Researchers generally assume that the hexamer anneals perfectly, but in fact it sometimes doesn’t. The 3´ end is the most critical for annealing success, so mistakes rarely occur there, but the 5´ end can more readily tolerate mismatches, and these errors are copied into the resulting RNA-seq library. Li and his team corrected for this problem by computationally removing any SNPs found that matched the hexamer primers.

The researchers applied their technique, described in the American Journal of Human Genetics (3), to RNA-seq data from a human lymphoblastic cell line whose genome is also sequenced. Of the SNPs they found, 99.1% were also identified by whole genome sequencing.

The new technique can find SNPs only in expressed genes, and it might disappoint in tissue-specific studies since tissues are heterogeneous and material that is available for sampling may not contain disease-related variants.

But Li believes the approach should be useful for researchers who conduct RNA-seq analyses for other purposes. Identifying SNPs “is kind of a free add-on feature,” he said.
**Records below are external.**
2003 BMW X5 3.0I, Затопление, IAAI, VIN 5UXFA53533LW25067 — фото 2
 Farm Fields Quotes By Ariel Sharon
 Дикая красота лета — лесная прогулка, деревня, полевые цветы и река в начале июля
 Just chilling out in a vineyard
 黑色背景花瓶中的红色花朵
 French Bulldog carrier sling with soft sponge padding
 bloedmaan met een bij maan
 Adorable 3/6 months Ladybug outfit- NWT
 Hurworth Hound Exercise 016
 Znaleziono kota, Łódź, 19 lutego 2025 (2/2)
For now, the approach offers another route for confirming SNPs found using whole genome or exome sequencing because the sample preparation is independent and could therefore identify any false SNPs due to systematic errors.

References

1. Ramaswami G, Lin W, Piskol R, Tan MH, Davis C, Li JB. Accurate identification of human Alu and non-Alu RNA editing sites. Nat Methods. 2012 Jun;9(6):579-81.

2. Ramaswami G, Zhang R, Piskol R, Keegan LP, Deng P, O'Connell MA, Li JB. Identifying RNA editing sites using RNA sequencing data alone. Nat Methods. 2013 Feb;10(2):128-32.

3. Piskol R,Ramaswami G, Li JB. Reliable Identification of Genomic Variants from RNA-Seq Data. 2013 AJHG 93(4): 641–651.